言葉がたくさん出てくるようになった2歳児クラスでは、大人も顔負けの面白いやり取りはもちろんですが、「貸してほしい」「まだ使いたい!」などトラブルも見られます。
ある日、絵本ゾーンでAくんが読んでいた絵本を一緒に見ていたBくん。絵本に載っている新幹線の絵を2人で指差しているうちに、いつの間にか絵本がBくんの手元にある事にAくんが気付き、「Aくんが使ってたよ。返して!」とBくんから絵本を取り替えそうとしました。
絵本が欲しくなったBくんも負けじと「Bくんも読みたいの!」と絵本を手放そうとせず、2人で絵本の取り合いに…。

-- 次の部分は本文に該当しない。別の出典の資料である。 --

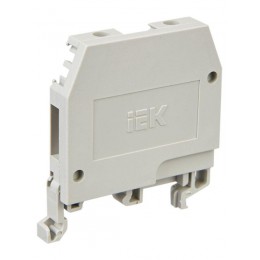 Зажим наборный ЗНИ-2.5кв.мм (JXB24А) сер. IEK YZN10-002-K03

そんな様子を、別の場所で最初からずっと見ていたCくん。AくんとBくんの絵本の取り合いが始まると、ゆっくり絵本ゾーンに歩いてきました。
どうするのかな、と思いしばらく見ていると、Cくんは絵本をすっと取って「Aくんが使ってたね」と言いながらAくんに渡しました。
そして、泣いているAくんに「やだったよね」と言ったあと、Bくんの方を向いて、「あの絵本はAくんが読んでたんだよ。Bくんはこっちの新幹線で遊ぼうよ」と言って、自分が手に持っていたブロックで作った新幹線をBくんに渡しました。
Bくんは泣き止み、Cくんと一緒にブロックゾーンへ行き、Cくんがくれたブロックの新幹線で笑顔で遊び始めました。
お友だち同士のトラブルがあると、「どうしたの?」「泣いてるね」と保育士に尋ねてくる子は多いのですが、このように自らお友だち同士のトラブルに向かい合って、声を掛けたりする姿は初めて見たので、素直に驚いてしまいました。
使っていたAくんの気持ち、欲しかったBくんの気持ち、どちらにも寄り添いながら優しさのある声掛けをしたCくんの姿に大きな成長を感じました。